(Records for the exercise)
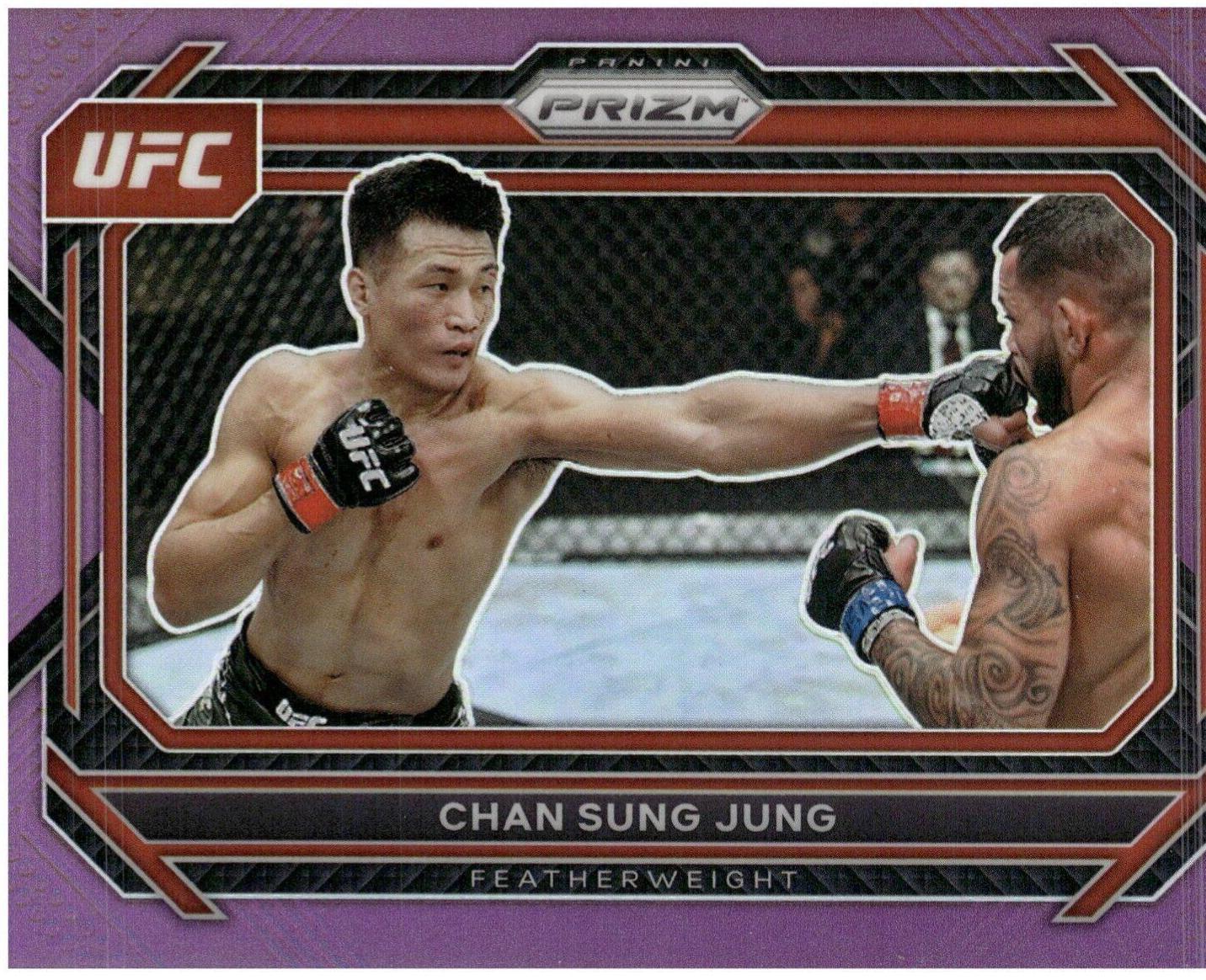 Chan Sung Jung [Purple] #88
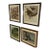 1917 Vintage DuPont Promotional Game Bird Framed Prints by Hunt & DeFeo - Set of 4 For Sale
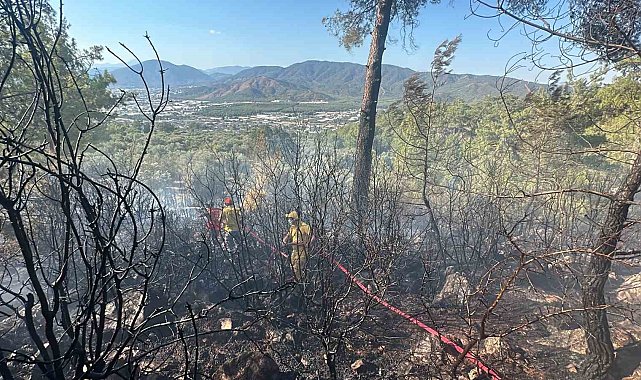 Fethiye'de zeytinlik alanda çıkan yangın kontrol altına alındı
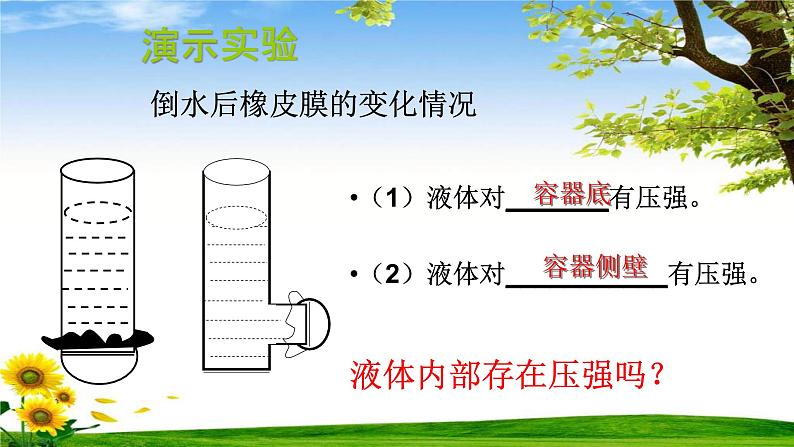 教科版八下物理  9.2 液体的压强 课件第5页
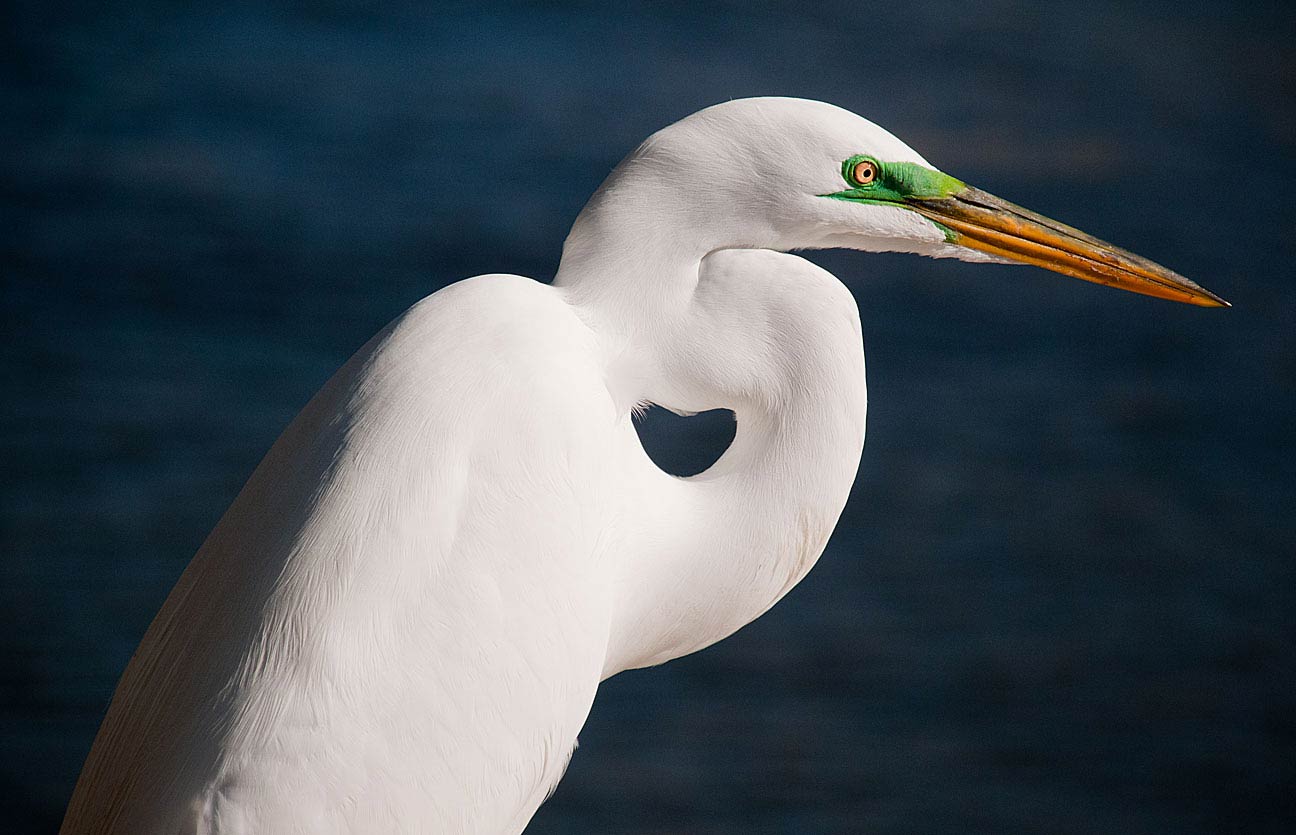 Great Egret, Sarasota Florida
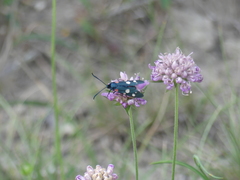 Zygaena ephialtes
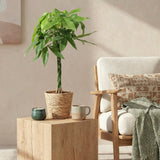 Livraison plante Pachira Aquatica tronc tressé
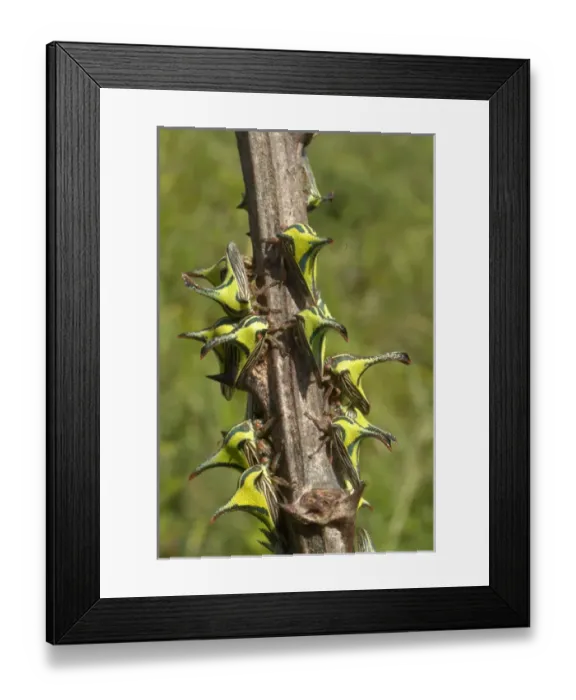 Framed Print : Thornhopper (Umbonia spinosa) mimics thorns on hostplant Framed Print : Thornhopper (Umbonia spinosa) mimics thorns on hostplant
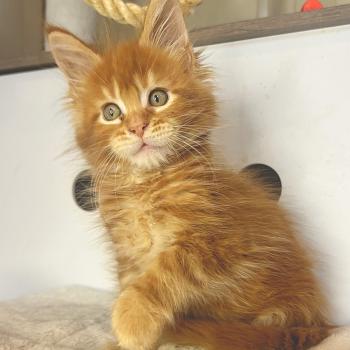 chaton Maine coon red blotched tabby Baxter Chatterie Maceo’s Gône’s Maine Coons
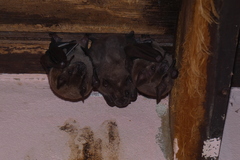 Artibeus jamaicensis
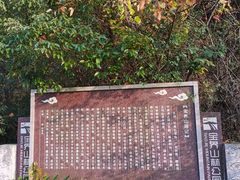 -宝界山林公园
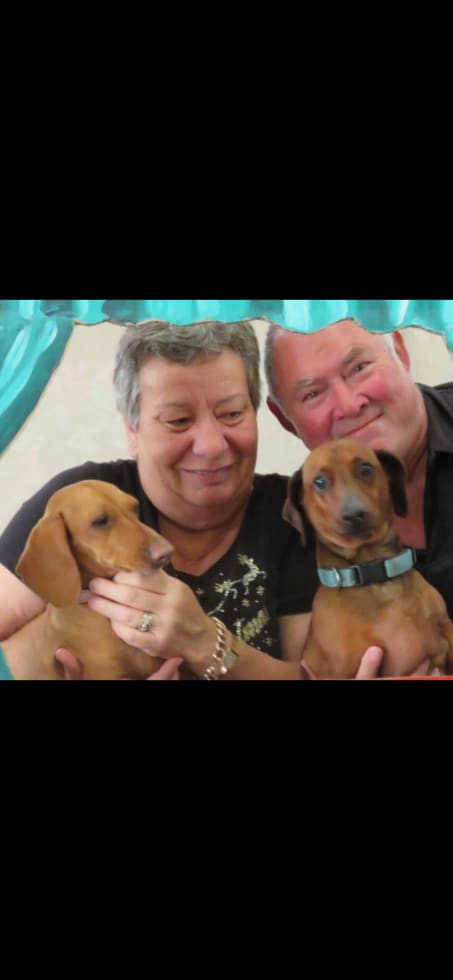 Photo in Sitter's gallery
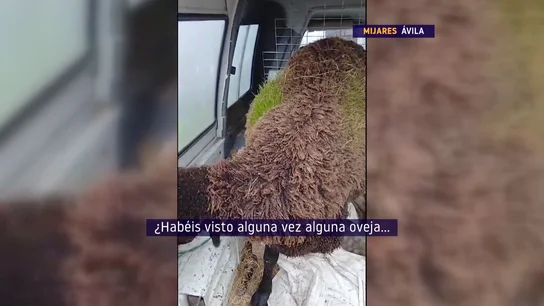 Ovejas Ovejas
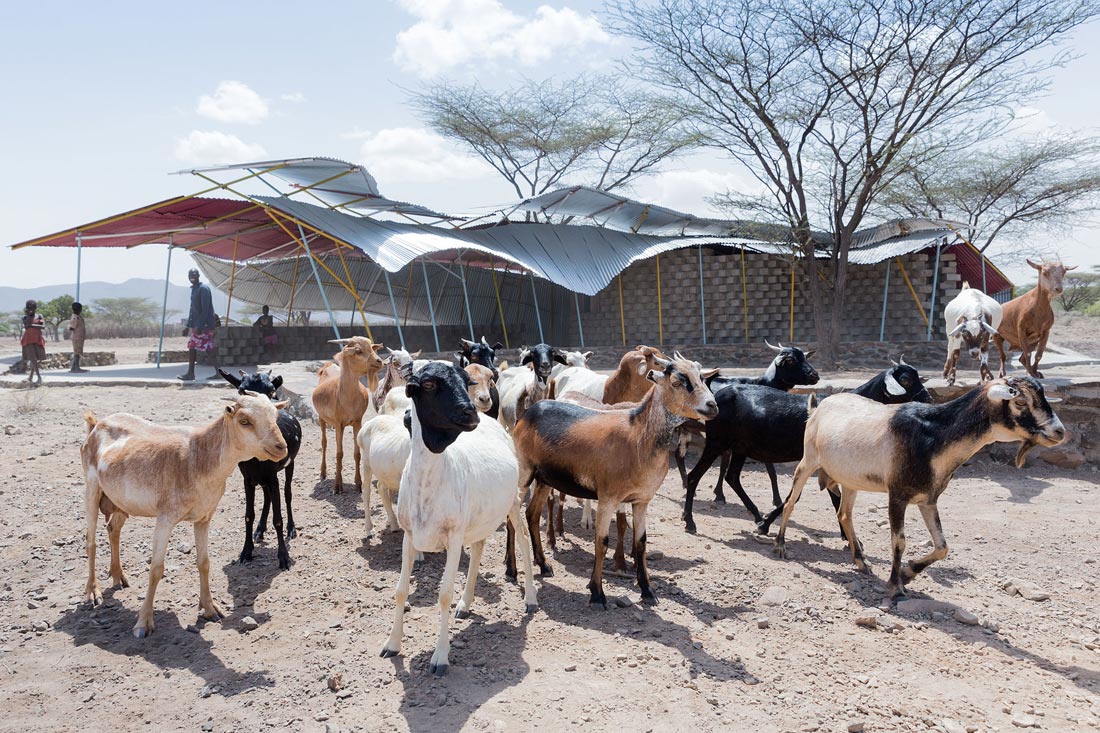 丨肯尼亚图尔卡纳-36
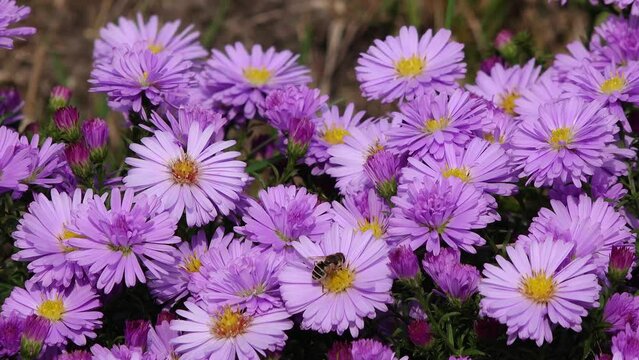 autumn aster flowering in the garden, bees on the flower.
(End Records for the exercise)
The data is to be returned exactly as it stands, pictures aside.

Task result:
 Chan Sung Jung [Purple] #88
 1917 Vintage DuPont Promotional Game Bird Framed Prints by Hunt & DeFeo - Set of 4 For Sale
 Fethiye'de zeytinlik alanda çıkan yangın kontrol altına alındı
 教科版八下物理  9.2 液体的压强 课件第5页
 Great Egret, Sarasota Florida
 Zygaena ephialtes
 Livraison plante Pachira Aquatica tronc tressé
 Framed Print : Thornhopper (Umbonia spinosa) mimics thorns on hostplant Framed Print : Thornhopper (Umbonia spinosa) mimics thorns on hostplant
 chaton Maine coon red blotched tabby Baxter Chatterie Maceo’s Gône’s Maine Coons
 Artibeus jamaicensis
 -宝界山林公园
 Photo in Sitter's gallery
 Ovejas Ovejas
 丨肯尼亚图尔卡纳-36
 autumn aster flowering in the garden, bees on the flower.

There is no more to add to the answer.